Chapter Eight, the final chapter of the second part, concerns Heidegger’s method in Being and Time. Westerlund opens this chapter by comparing and contrasting the interpretations of Heidegger’s method offered by Overgaard and Guignon. For Overgaard, the destruction is not a necessary part of fundamental ontology because the destruction itself presupposes an experience of Being that is phenomenologically basic—without this experience the historical senses of Being could not be identified as distortions. Guignon, on the other hand, hews closer to Heidegger’s actual comments in Being and Time that concern the necessity of the destruction for the retrieval and appropriation of Being. For Westerlund, like Overgaard, Heidegger does not follow through on his claim to be undertaking a hermeneutic-destructive mode of thinking and rather does presuppose that he is able to distinguish between our current prejudiced conception of Being and something more primordial. He highlights the fact that Heidegger’s existential analytic of Dasein is not an account of contemporary Dasein’s implicit, historical prior conceptions, but rather offers phenomenological descriptions of the basic structures of Dasein and its factical experience. Furthermore, it is the capacity of Heidegger’s descriptions to reveal truths about our day-today experience of the world, rather than their relation to the philosophical tradition, that gives them their validity. Thus direct, intuitive, phenomenological seeing remains a central feature of Heidegger’s method in Being and Time.

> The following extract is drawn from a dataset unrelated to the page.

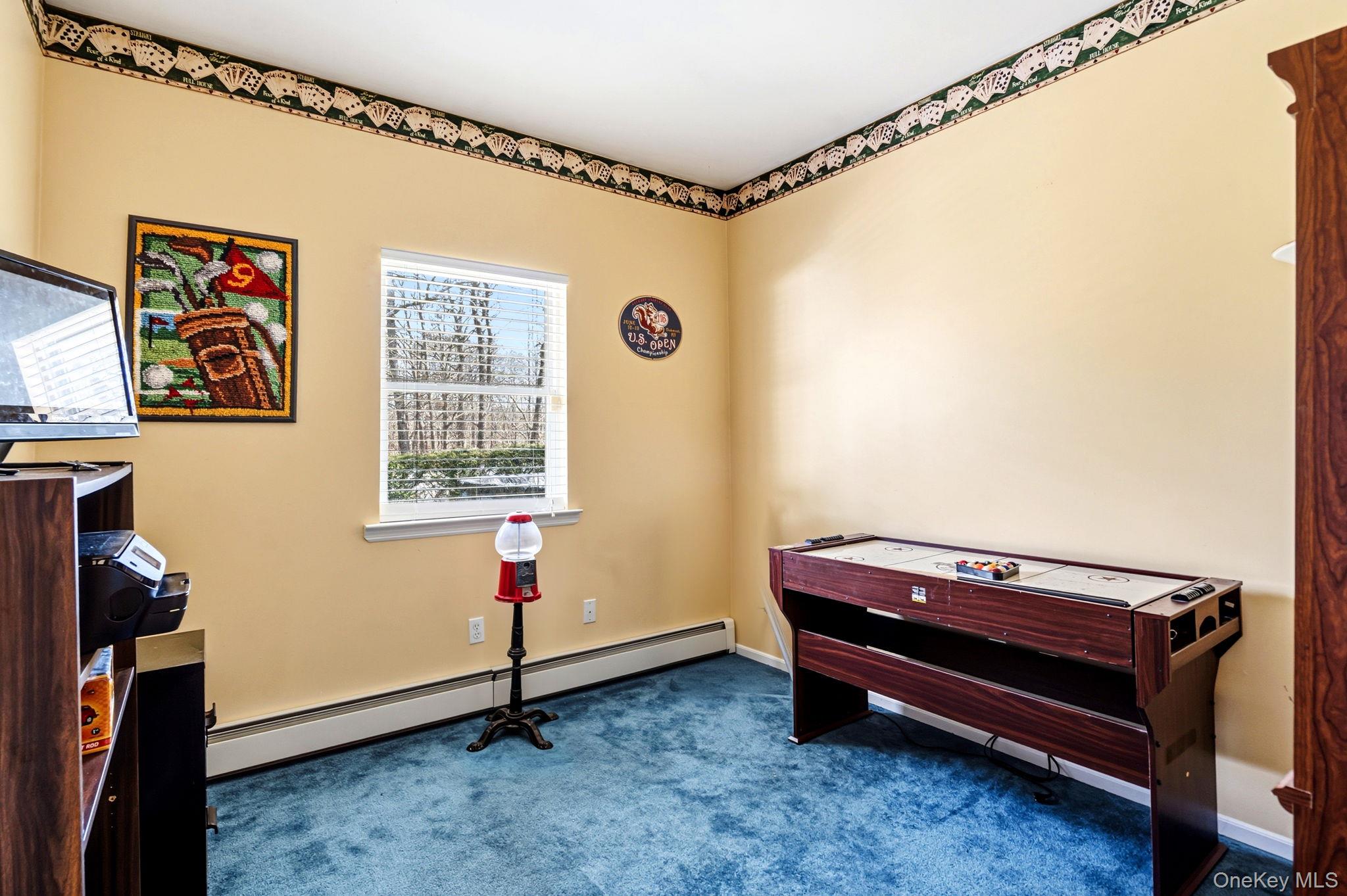 20 Ricky Road Manorville, NY 11949 - Photo 16 of 27 a room with furniture and a window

In the third part of Heidegger and the Problem of Phenomena, Westerlund discusses Heidegger’s later philosophy, with chapters on the turn [Kehre], Ereignis as the opening of the world, and the method Heidegger’s late thinking. Westerlund seeks to show in this part that Heidegger’s phenomenological method becomes more historical after the publication of Being and Time. There is also a chapter on Heidegger’s relation to National Socialism in this part. Chapter Nine contains Westerlund’s interpretation of Heidegger’s turn, which he understands as Heidegger’s turn from phenomenology to historical reflection. To support this claim Westerlund examines Heidegger’s discussion, in his 1937–38 lecture course Basic Questions of Philosophy, of the inherent turning of the question of the essence of truth into the question of the truth of essence. For Westerlund, this ‘turning’ is the turning from Heidegger’s explication of the basic structures of Dasein, which are that through which beings become unconcealed (and are the essence of truth), so that true or false judgements might be expressed about them, to “a historical interrogation of the openness and givenness of historical being itself” (the truth of essence). Heidegger’s philosophy is no longer concerned in the mid 1930s with structure of phenomena or intuitive reflection on the structures of experience but rather seeks to determine the “phenomenality of Being” and proceeds through historical reflection (143).

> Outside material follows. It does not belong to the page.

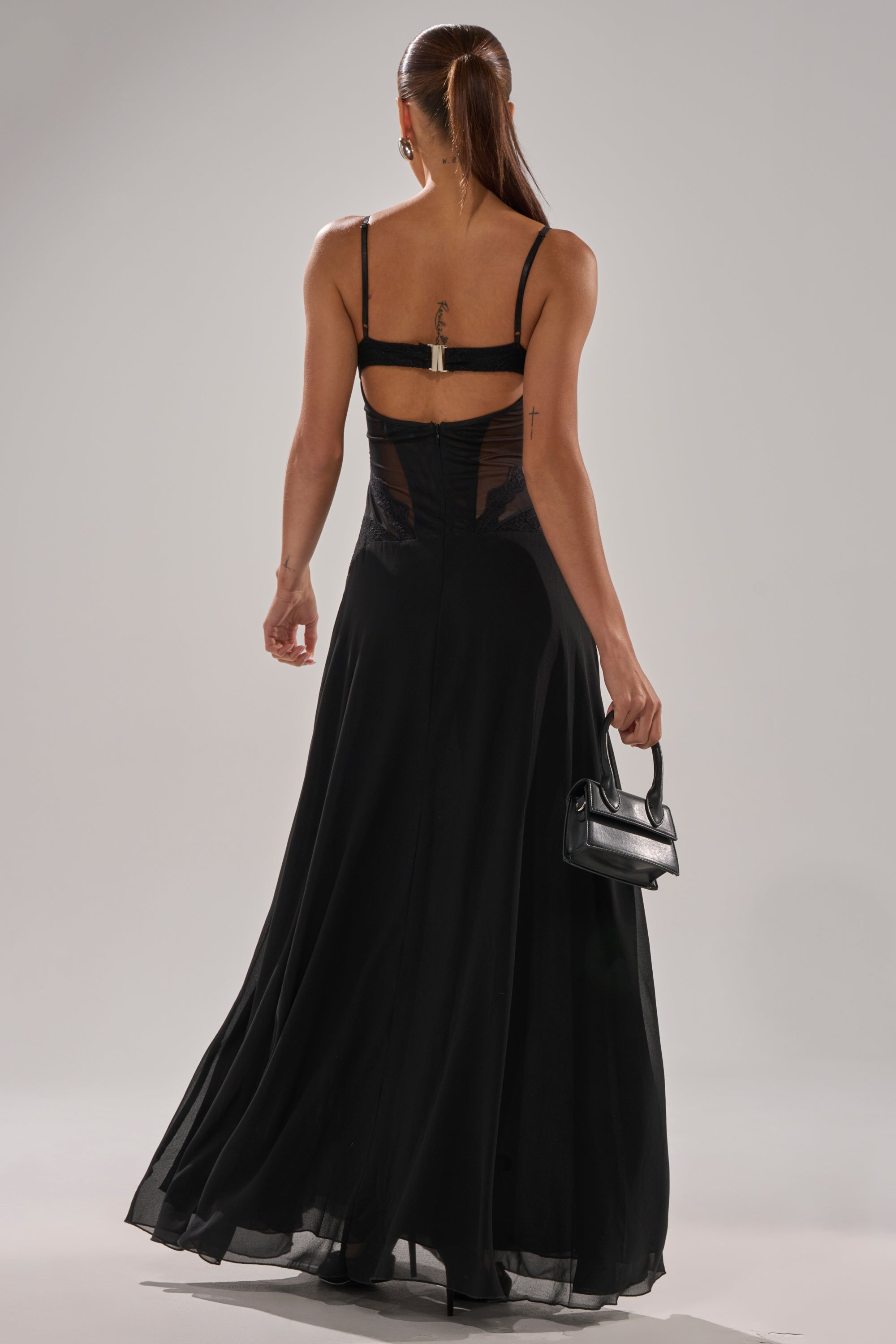 A woman with long brown hair in a ponytail stands with her back to the camera, wearing the LEILA MAXI DRESS—a sleeveless, floor-length black dress with sheer panels—and holding a small black handbag.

It is therefore the turn that motivates Heidegger’s engagement with the history of philosophy in the mid 1930s and Westerlund demonstrates the historical character of Heidegger’s thinking by providing an account of Heidegger’s conception of the task of philosophy at this time. During this period of his thinking the history of philosophy is understood by Heidegger to have been determined by the Greek, metaphysical designation of Being as constant presence and to free ourselves from this understanding of Being it is necessary to return to the Greek beginning of philosophy in order to determine whether it contains a more primordial understanding of Being. Heidegger finds just such a primordial understanding in the pre-Socratic conception of Being as φύσις and in the Greek word for truth, ἀλήθεια. Together these terms reflect a view of Being as an event that is opened up.

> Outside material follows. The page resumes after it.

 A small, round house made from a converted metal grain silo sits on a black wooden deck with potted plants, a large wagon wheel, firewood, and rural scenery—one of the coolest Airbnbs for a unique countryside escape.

In Chapter 10 Westerlund addresses Heidegger’s relation to National Socialism and offers a number of criticisms of Heidegger’s thinking. In the 1930s Heidegger no longer advocates becoming authentic but holds that it is necessary to open a binding historical world. Westerlund points out that as for Heidegger ontology has ultimate priority over ethics there is no check on the establishing of a new world that ignores the ethical claim of the other, such as the world that National Socialism wished to erect. Furthermore, Westerlund criticises Heidegger’s framing of his anti-semitism in ‘metaphysical’ terms. He shows that in Heidegger’s making use of many common anti-Semitic stereotypes, his position essentially becomes only a “philosophically inflated version of the kind of cultural racism that vilifies a certain culture or religion on the basis of crude and falsifying stereotypes” (149). Westerlund also sees in Heidegger’s Black Notebooks an additional problem for Heidegger scholarship, namely that they seriously displace our view of the ‘spirit’ of Heidegger’s thinking. In Heidegger’s utter failure to offer any remarks that reflect sympathy towards those who were subject to violence, persecution, and murder at the hands of the NSDAP, and in his explaining away of the events of the 1930s and 40s in being-historical terms, his philosophy appears abhorrent. If thinking the history of Being fully inures one to the ethical claim of the other in the manner it appears to have done to Heidegger, then there is little to recommend such a thinking.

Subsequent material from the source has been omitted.